When I saw gdb-remote was a shortcut to the plugin, that made me give the full statement a try which surprised me that it accepted serial while the shortcut did not.

But as you can see, even with it finally connecting, it craps out with a SIGTRAP.
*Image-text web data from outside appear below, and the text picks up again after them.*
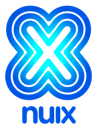 Nuix career site
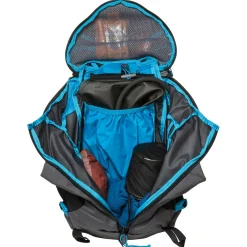 Women's Coulee 25 - Wanderrucksack 56 cm (shadow moon, XS/S)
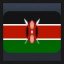 Kenya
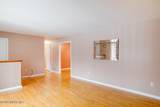 319 Savannah Road - Photo 11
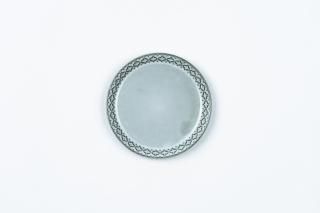 Bing&Grondahl / Cordial �����ǥ����� �ץ졼��16.5cm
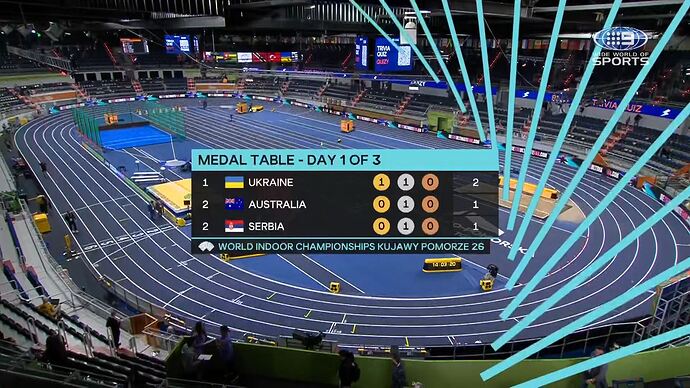 20260320213930.mp4_005015584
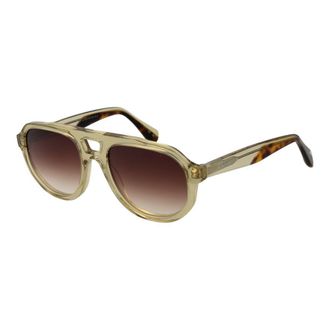 Ted Baker Acetate Mens Sunglasses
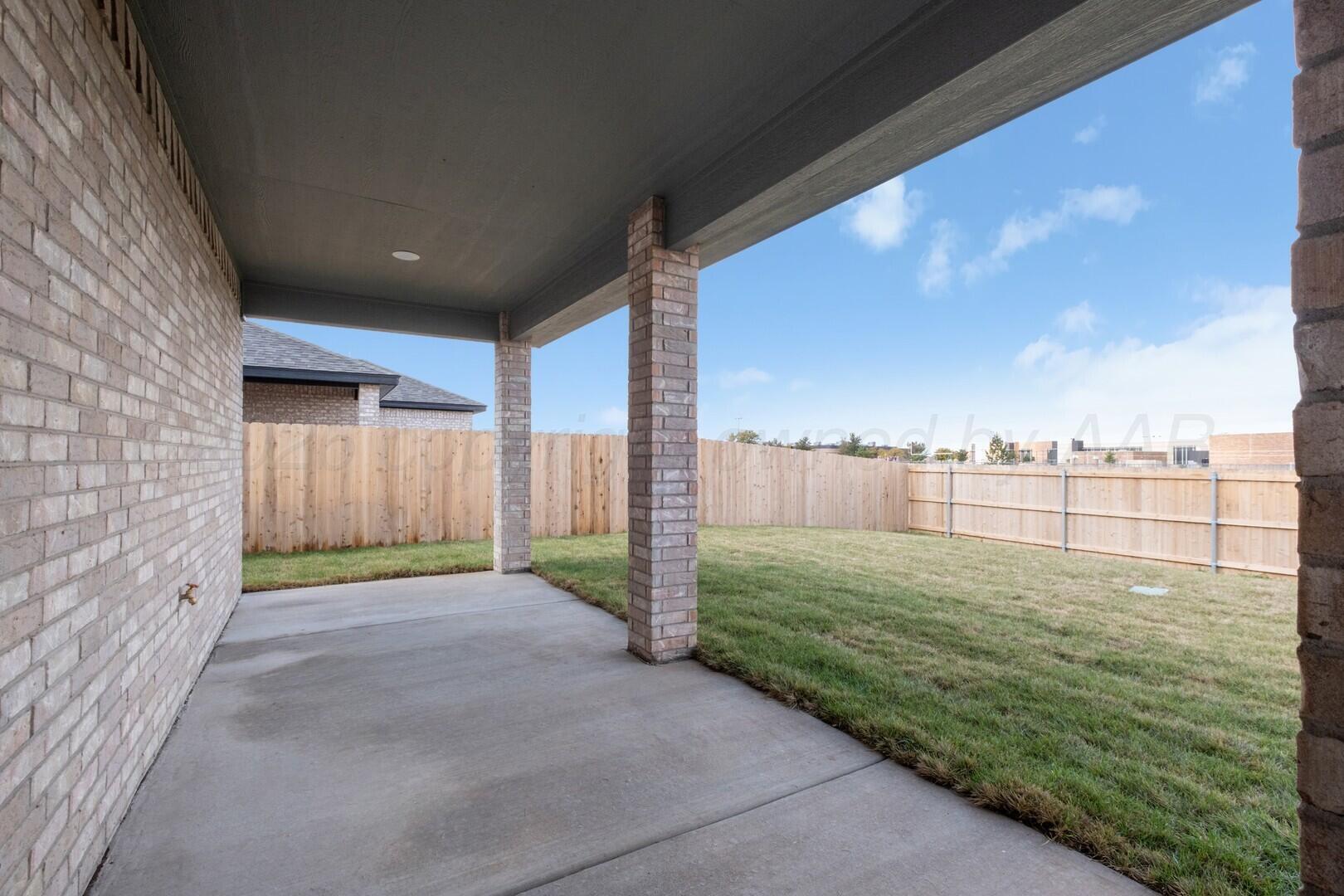 4306 Sunset Street Property Photo 20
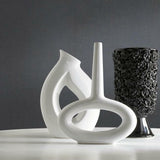 Linen Flax Texture Wallpaper by Signature Textures Resource Library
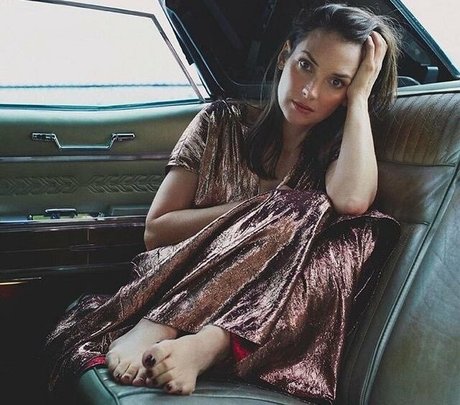 lightskin onlyfans beautiful porn img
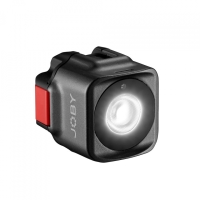 (�W���r�[)JOBY �r�[��LED JB01579-BWW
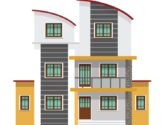 Home types available for Surverying People inspection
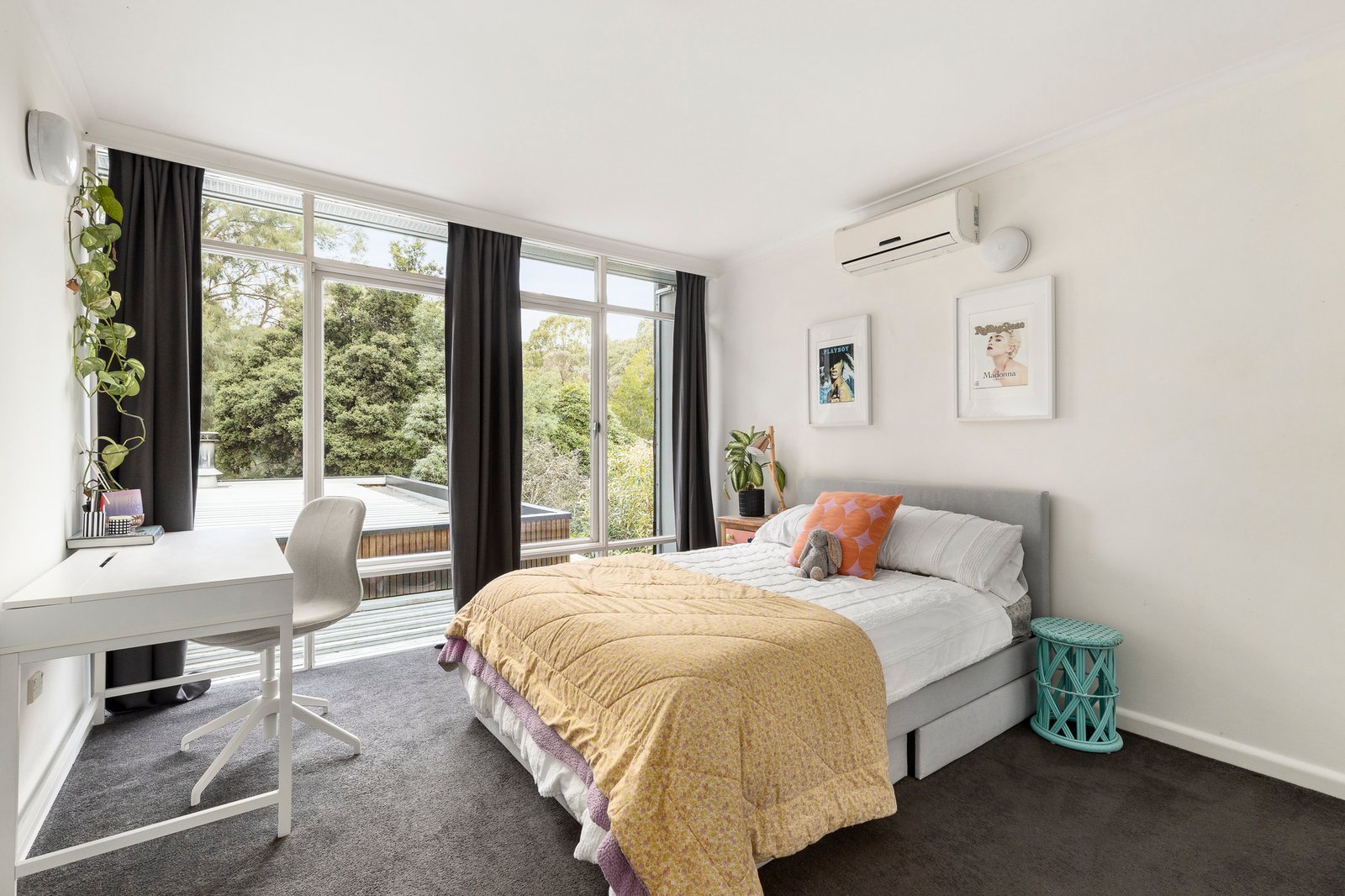 34 Park Road, Mount Waverley, 3149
OH! Going back to vscode (I had added the launcher once I saw the full plugin statement “worked”(?)), I see it’s still spitting out output from the device:

...
Executing script: processCreateCommands
2
Stop reason: signal SIGTRAP
device-mapper: ioctl: 4.48.0-ioctl (2023-03-01) initialised: dm-devel@redhat.com
Freeing initrd memory: 12996K
rcu: INFO: rcu_sched detected stalls on CPUs/tasks:
rcu: 	4-...0: (0 ticks this GP) idle=138c/1/0x4000000000000000 softirq=13/13 fqs=2582
rcu: 	(detected by 1, t=5252 jiffies, g=-1171, q=1140 ncpus=8)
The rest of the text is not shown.